A handful of prominent investment funds have made key changes to their in-house legal teams in January, with the start of a new year a perennially popular time for promotions and new hires.
Point72 Asset Management LP, the alternative investment firm controlled by billionaire New York Mets owner Steve Cohen, saw its deputy general counsel Jason Colombo this month take on the title of general counsel. Colombo will continue to report to Vincent Tortorella, a former federal prosecutor who initially was named chief surveillance officer a decade ago for Cohen’s Stamford, Conn.-based firm, formerly known as SAC Capital Advisors LLC.

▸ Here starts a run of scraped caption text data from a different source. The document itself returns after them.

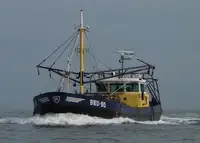 Máy nạo vét rao bán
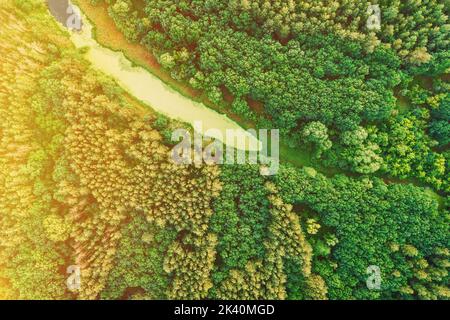 Luftaufnahme Green Forest Woods Und Small Marsh, Moor, Swamp Pond Landscape Im Sommer Sonnentag. Von Oben Blick Auf Die Schöne Europäische Natur Aus Der Höhe Stockfoto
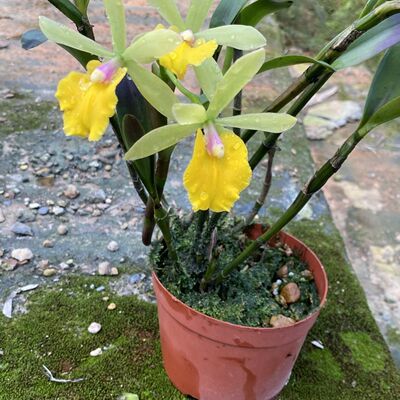 绿植盆栽兰花洋兰卡特兰树兰小黄莺开花超香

Tortorella is general counsel and chief compliance officer for Point72, having taken on its top legal leadership post in early 2020. Colombo, a former Schulte Roth & Zabel associate, will continue overseeing legal matters for Point72’s core hedge fund business, the firm said. He joined Point72 in 2016 after spending four years at the Goldman Sachs Group Inc.
Bloomberg News reported last year on Point72 expanding its operations and teams, a move that has led the firm to make some additions to bolster its in-house legal expertise.

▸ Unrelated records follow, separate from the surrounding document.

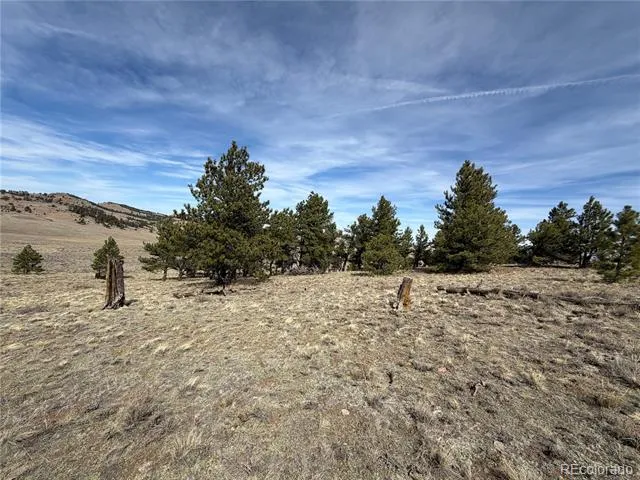 990 Coyotero Trail Hartsel, CO 80449
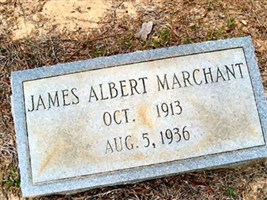 James Albert Marchant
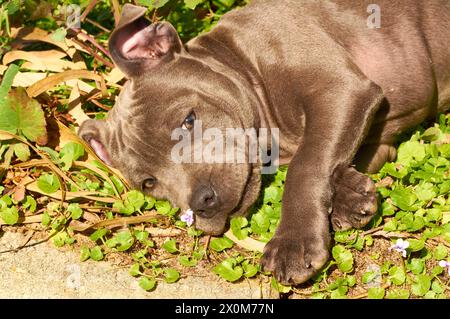 A close-up of a playful male Blue English Staffordshire Bull Terrier puppy lying in a garden bed with a flower near his nose and paws in front. Stock Photo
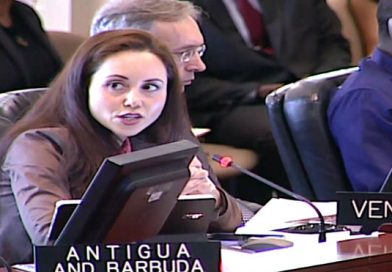 Venezuela pide ante la OEA el cese del financiamiento a la violencia en Nicaragua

Point72 recently elevated Adam Jablon to deputy general counsel, Gabrielle Sherwood to compliance officer and counsel, and Cody Friesz to associate general counsel, while hiring Shard Capital Ltd. legal counsel Oliver Knight in London this month as a regional assistant general counsel. Point72 received UK regulatory approval to operate in the country last year.
At least four other lawyers also joined Point72 last year, including former Citadel LLC deputy general counsel Harry Greenbaum, who took a similar Stamford-based position in November. Stephen Canna, a longtime deputy general counsel for tax at Point72, has spent the past three years as chief financial officer and treasurer of the Mets, a baseball team Cohen paid $2.4 billion to buy in 2020.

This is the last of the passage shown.